東日本大震災による津波で高田町にあった稽古場と人形などの道具、そして大切な仲間3人を失ってしまったのです。
 それでも馬場さんたちの人形劇への思いは変わることはありませんでした。

(馬場さん)
「なんだかこのままで終われないっていうような気持ちになったんですね。まだ余裕もなかったんですけれども、仮設にいましたし、仲間たちもいっぱい仮設暮らししてましたし」

 まだ震災の爪痕が色濃く残る中、馬場さんたちは再始動に向けて動き出します。

(馬場さん)
「2011年の秋に残った仲間たちに声をかけて集まったのが実はここだったんです。震災後初めてみんなで集まったのがここで、そこの第2会議室ってところだったん
ですけど、そこでみんなの気持ちを確かめ合ってまたやろうっていうことで」


 震災を乗り越え、再開した人形劇。
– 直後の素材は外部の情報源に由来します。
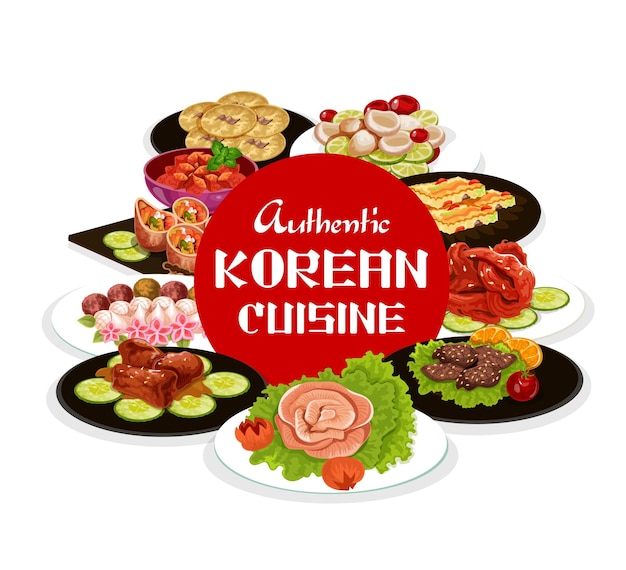 Comida coreana auténticos platos de cocina asiática.
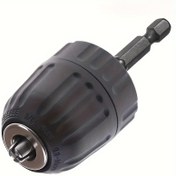 Resim Anahtarsız Matkap Mandren Dönüştürücü, 0.8-10mm Kapasite, 3/8"-24UNF Diş, 1/4" Altıgen Saplı Hızlı Değiştirme Adaptörü ile, Metal Yapı 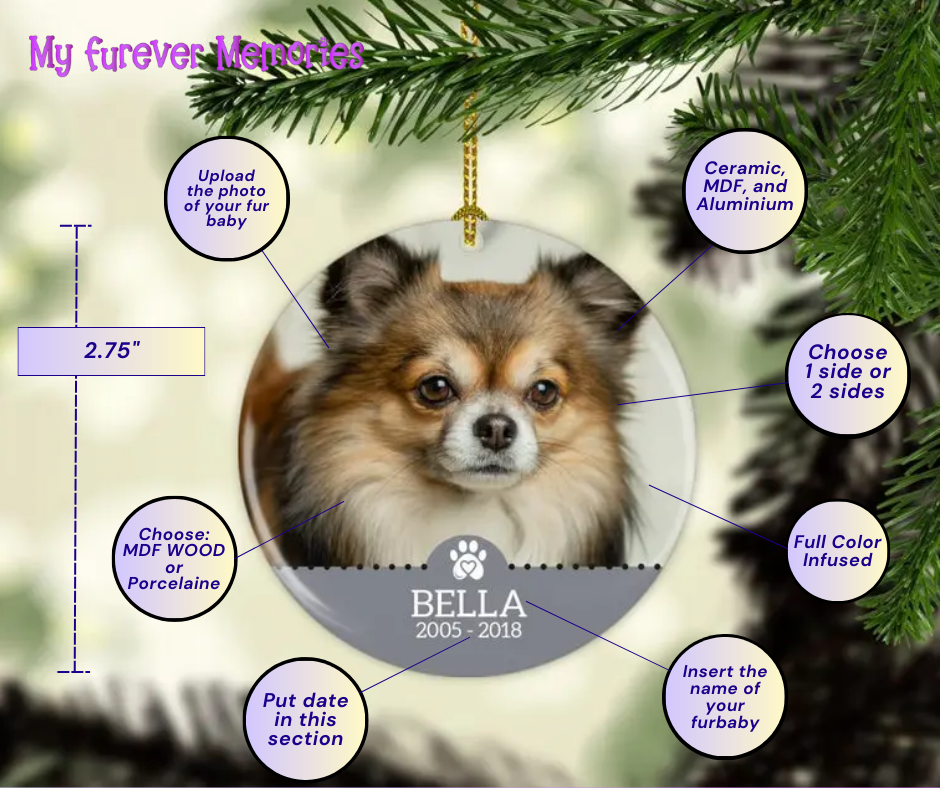 Personalized Dog Memorial Christmas Ornament Personalized Picture Keepsake — Diamond Painting Kit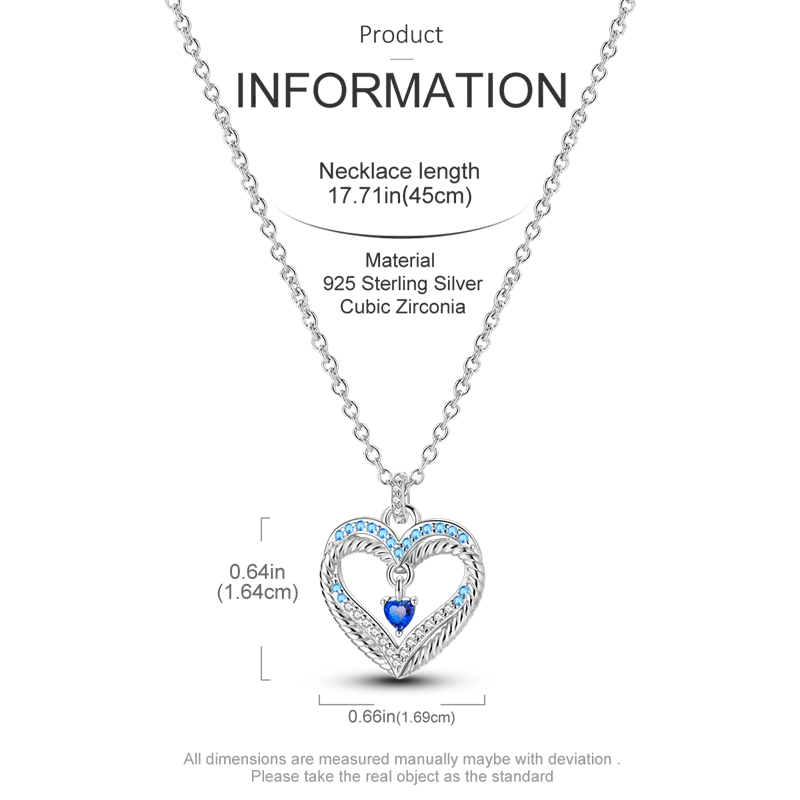 925 Sterling Silver Firefly Heart Zircon Pendant Necklace for Women Anniversary Birthday Gifts KTN037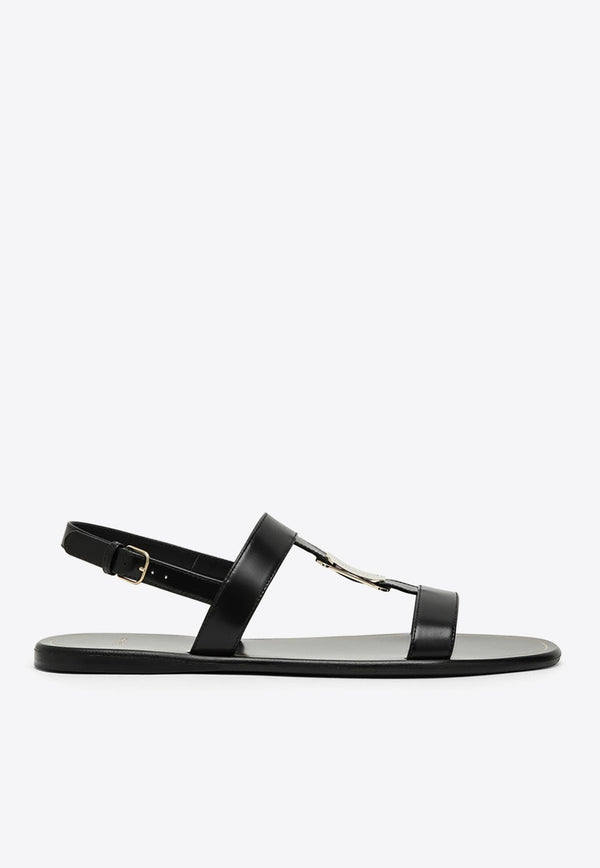Salvatore Ferragamo Capri Nappa Leather Flat Sandals with Vara Bow Black 07694231CLE/O_FERRA-NR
メンバーたちは5月初旬から仕事や家事の合間を縫って30周年記念公演に向けた練習を重ねてきました。
 公演には転勤などで地元を離れた元メンバーの姿もありました。

(元メンバー 石川直子さん)
「転勤族でたまたま高田に来て誘われて入ったところだったんです。いやー、懐かしい。工藤さん、工藤さんの作ったの」

 元メンバーで花巻市から駆け付けた石川直子さんが手にしているのは、津波の犠牲になった仲間が生前作ってくれた木工細工。かわいらしい家族の絵に優しい人柄が現れています。石川さんは木工細工を手に人形劇に見入っていました。


「子どもたちの反応も聞こえたので、面白かったって言ってたので、私も本当だよねって思いました。見ながら工藤さん見てる?って話しかけながら見たんですけども、とっても喜んでると思います」

 様々な偶然から東日本大震災の月命日と重なった30周年記念公演は、みんなが笑顔になる素晴らしい公演になりました。

(人形劇グループ「ポレポレ」 馬場幸子さん)
「ポレポレの活動を続けることですね、できる限り。そして子どもと一緒に楽しくやっていきたいです」

 「ポレポレ」はこれからも子どもたちに笑顔を届けていきます。